Mrs. Hall is trying to raise young men with a strong moral compass, who don't "linger over pictures of scantily clad ladies." Which is apparently quite impossible to do when there are pictures of teenaged girls posing for selfies on the Internet. Any female friend of the Hall boys who thinks of posting a vaguely sexy picture of herself online should consider themselves as good as blocked because Mrs. Hall only wants her boys thinking of girls respectfully and Gord knows, being a sexual being and being a human being worthy of respect are two mutually exclusive things. Well, if you're a girl.. Isn't that right Mrs. Hall?
Mrs. Hall, I noticed that your boys are posted all over your blog in beachwear, which some would argue is much more revealing than pajamas or even a towel. I guess girls (or non-hetero boys) can easily un-see that, though can they? And still think of your kids as people worthy of respect? But you said yourself, once a boy sees a girl naked (or in towel, or in pajamas or without a bra) he can't unsee that. You seem to have a high level of confidence in your boys' ability to behave like gentleman and not like rutting animals. Or maybe not. Because if you did, the spectre of some silly, pouty pictures wouldn't loom such a threat.
There are a dozen good reasons to be careful of what you post online. Surveillance, online weirdos and pedophiles, and the fact that stuff you post does NOT GO AWAY are all things we should be concerned about and I agree that we should be encouraging kids (and adults, of any gender) to be extra self-critical of what they post. These safety and privacy issues don't seem to be on your radar, however. You seem more concerned about not letting these girls sully your preciouses virginal little minds.

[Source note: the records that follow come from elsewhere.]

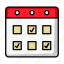 appointment, business, calendar, date, month, schedule, schedule icon 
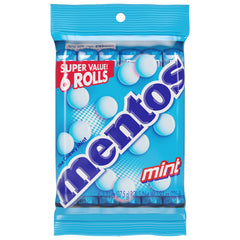 Mentos Peppermint Chewy Mint Candy Roll, 1.32 oz (2 pack)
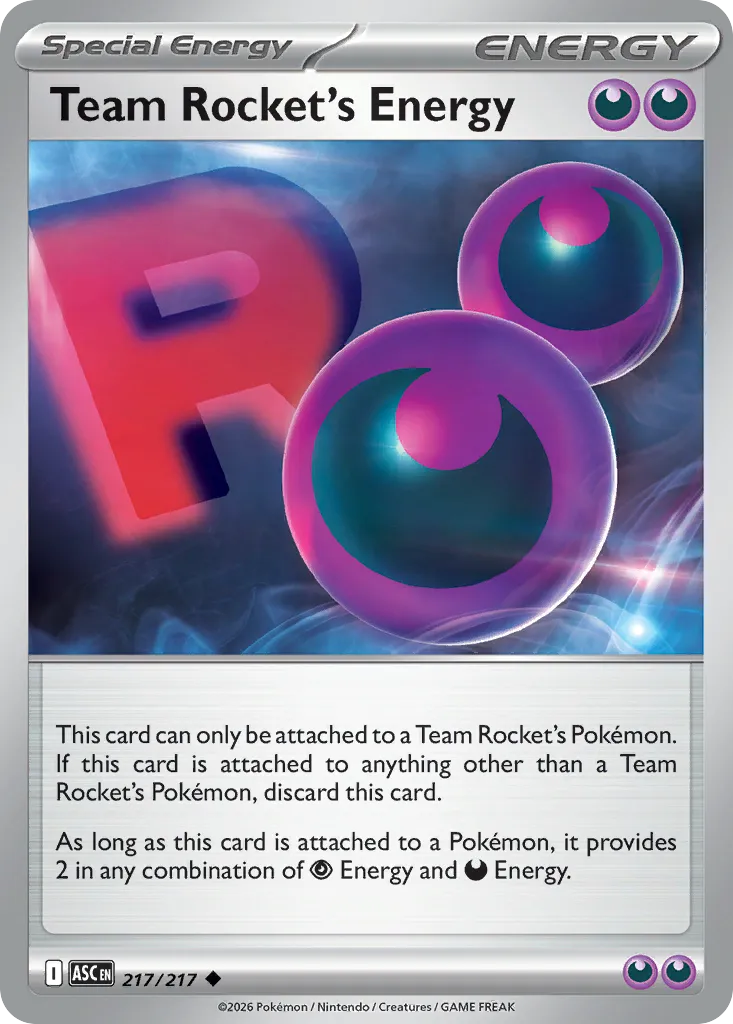 Team Rocket's Energy card image
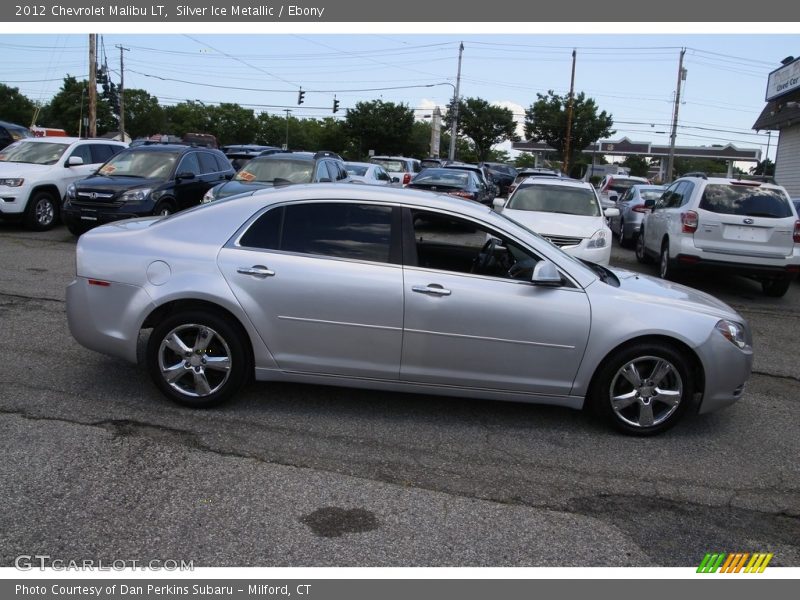 Silver Ice Metallic / Ebony 2012 Chevrolet Malibu LT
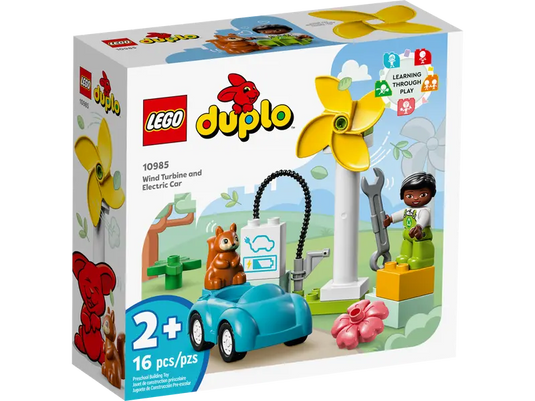 Lego Duplo Wind Turbine and Electric Car 16pc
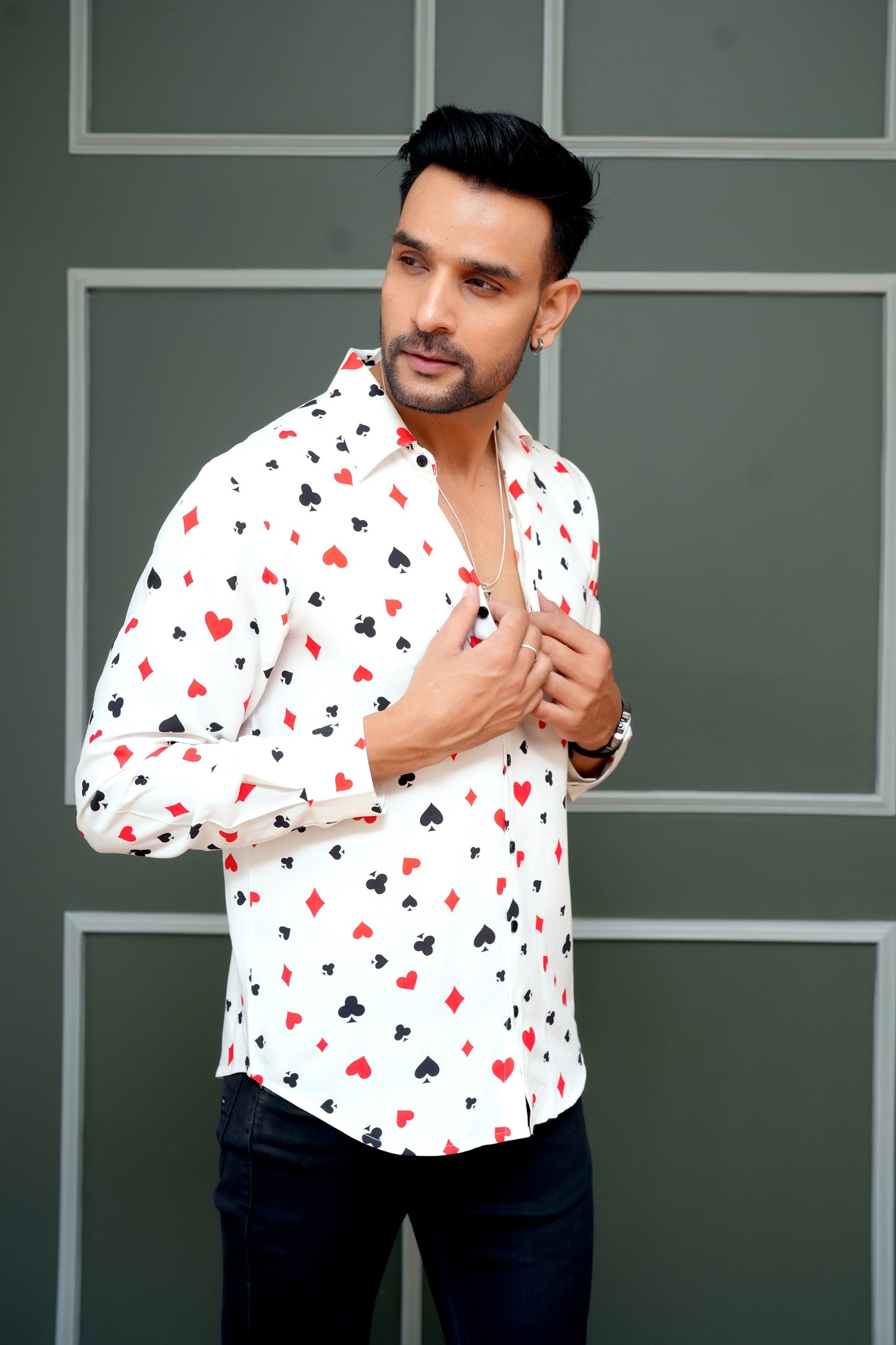 Men’s Full Sleeve Printed Shirt – Everyday Style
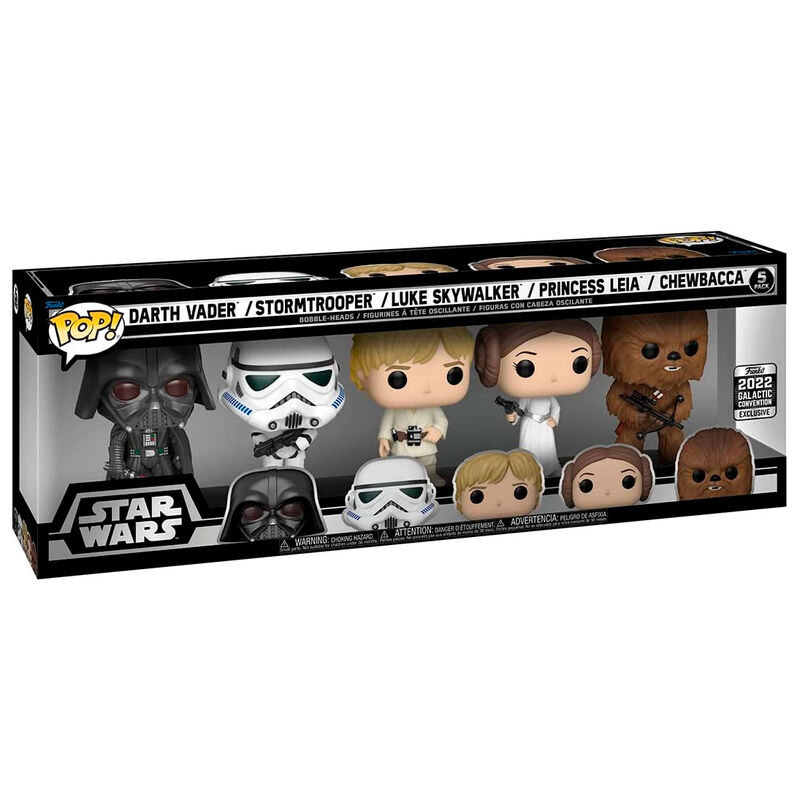 Blister 5 Figuras POP Star Wars Classics Exclusive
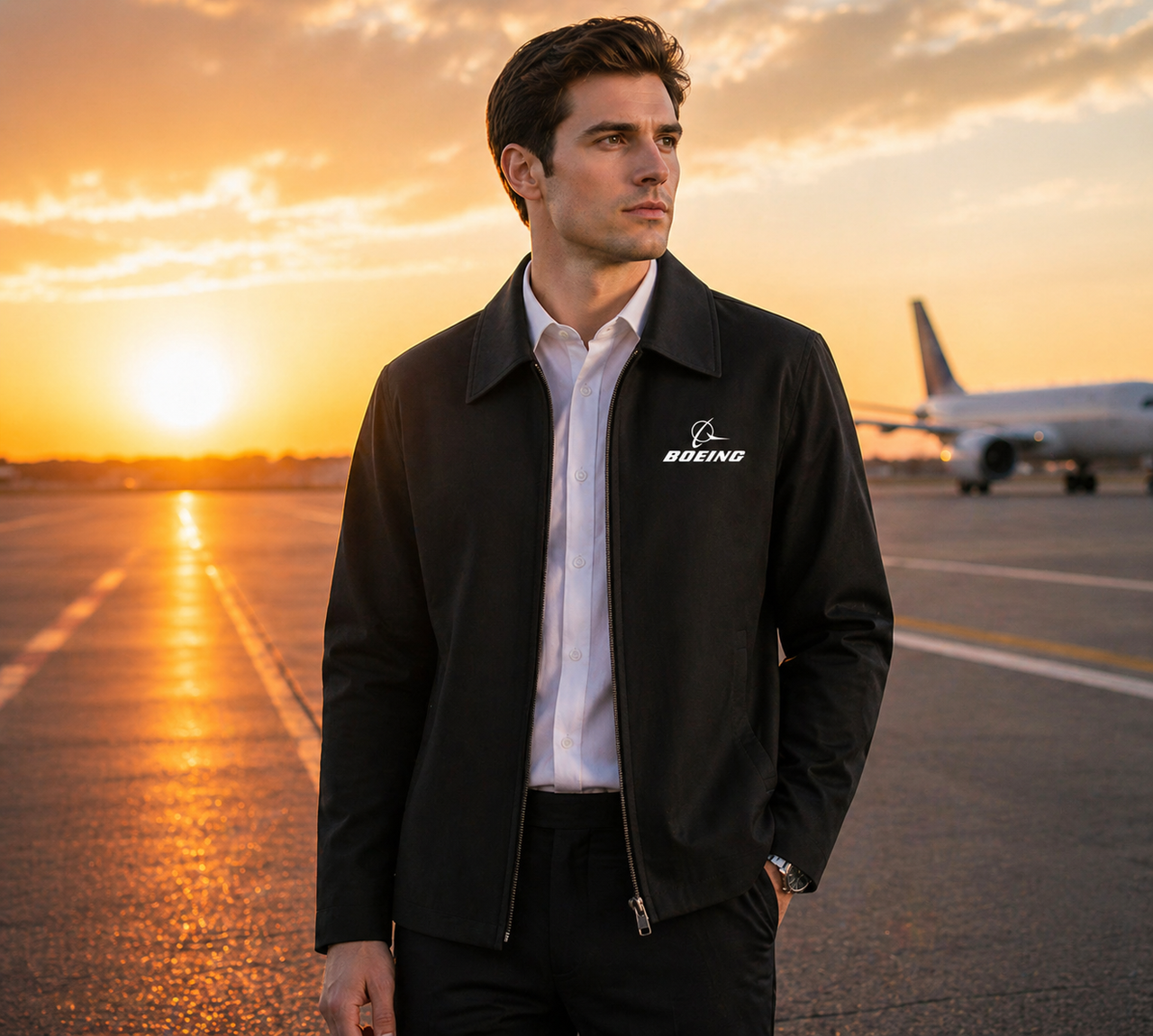 BOEING LOGO  JACKET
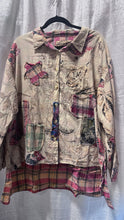 A Rare Bird Reversable Owl Plaid Top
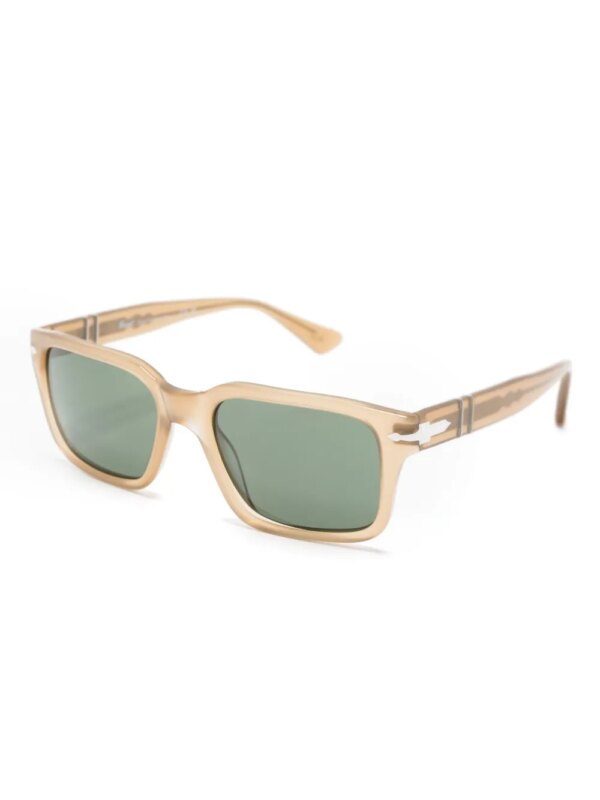 Persol Zonnebril met vierkant montuur - Beige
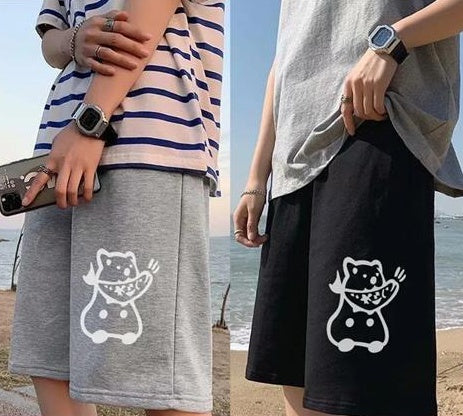 New Casual Pants Men''s Summer Shorts Men''s Korean Trend Loose Hong Kong Style Straight Sports Pants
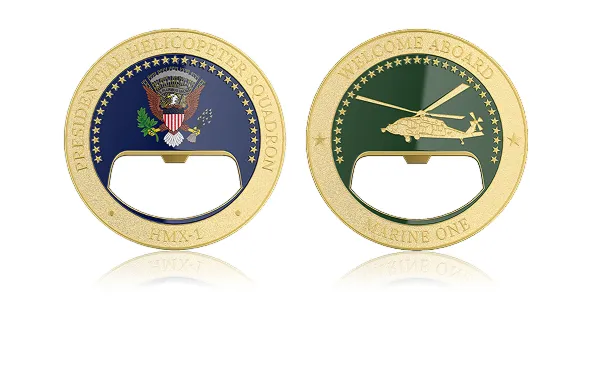 Helicopeter Squadron Bottle Opener Coins Helicopeter Squadron Bottle Opener Coins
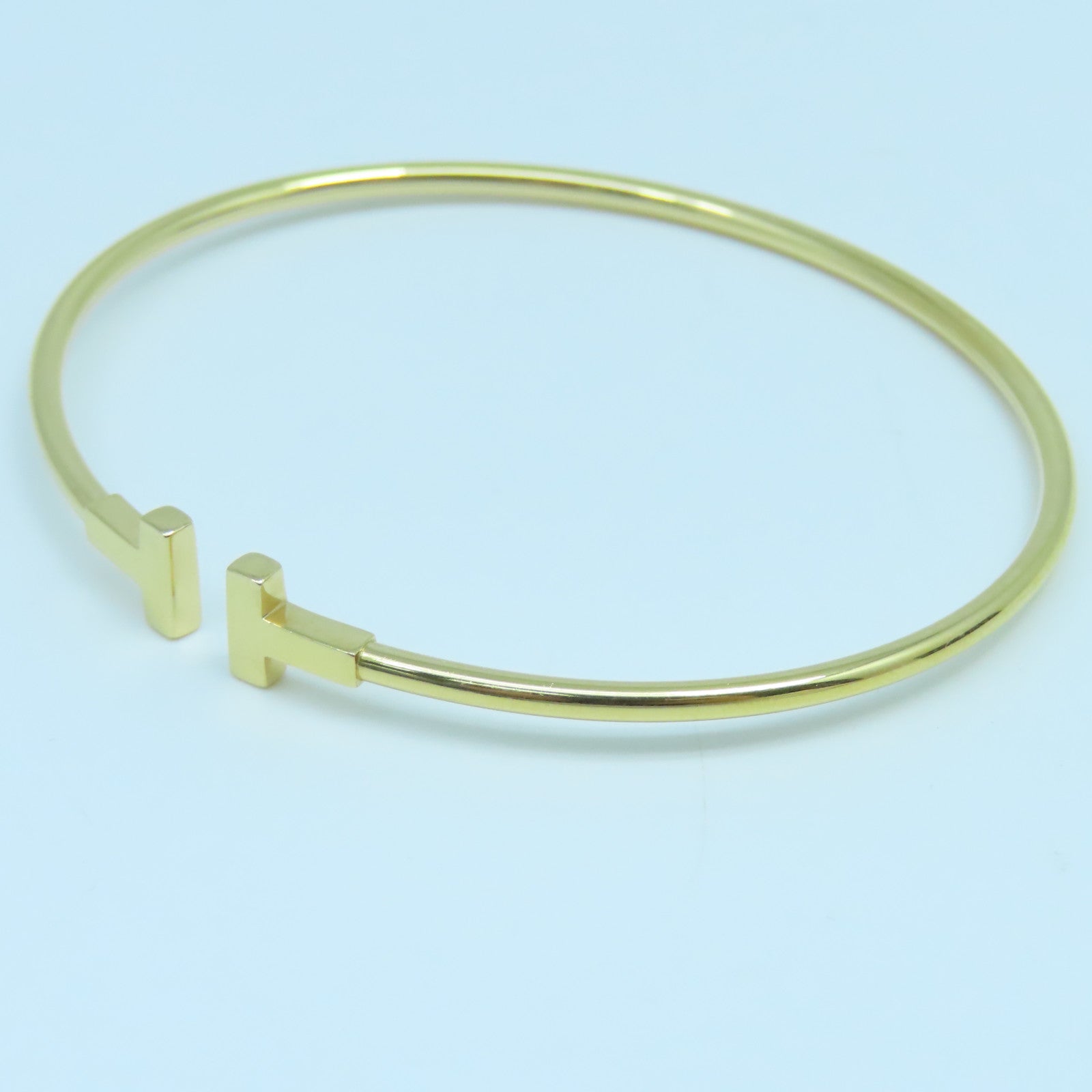 TIFFANY&amp;CO 18K Rose Gold T Wire Bracelet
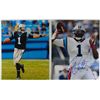 Image 1 : 2 Cam Newton AUTOGRAPHED 8 x 10 Action Photo's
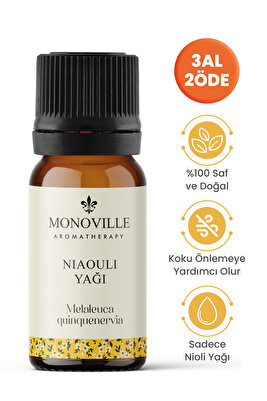Nioli Uçucu Yağı 10 ml %100 Saf ve Doğal (Niaouli Essential Oil) ürün fotoğrafı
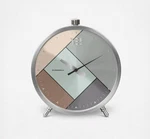 Claudnola Rubik Silver Steel Alarm Desk Shelf Modern Clock Quartz 5" New Nib. Fixed Price $30.51.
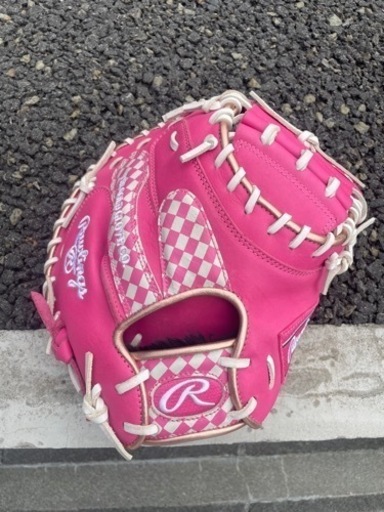 美品 激レア キャッチャーミット 軟式 ローリングス 一般用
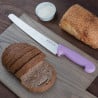 Couteau à pâtisserie denté violet 25 cm - Hygiplas - Résistant & pratique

I find the attitude that in order for men to respect and cherish women they must not think of them sexually is a harmful one. The implication you've made here is that a girl or woman cannot be sexual while still being worthy of respect. That is what we call, in feminist circles, slut shaming. And it is harmful. Girls are continually sexualized and objectified by our culture, while simultaneously being shamed if they dare to be sexual on their own terms. A girl's history or perceived history can be used against her in sexual assault cases.
Mrs. Hall, if you want your sons to be men of integrity who eventually meet and possibly marry women of character, teach them that a woman's worth is about more than her sexuality. Teach them that being sexual and being a person worthy of respect. Teach them their respect for someone should not be predicated on their sexual history or whether or not they're wearing a bra in their profile picture. If you can't teach them that, I think my soon-to-be teenaged girls would be better off blocked.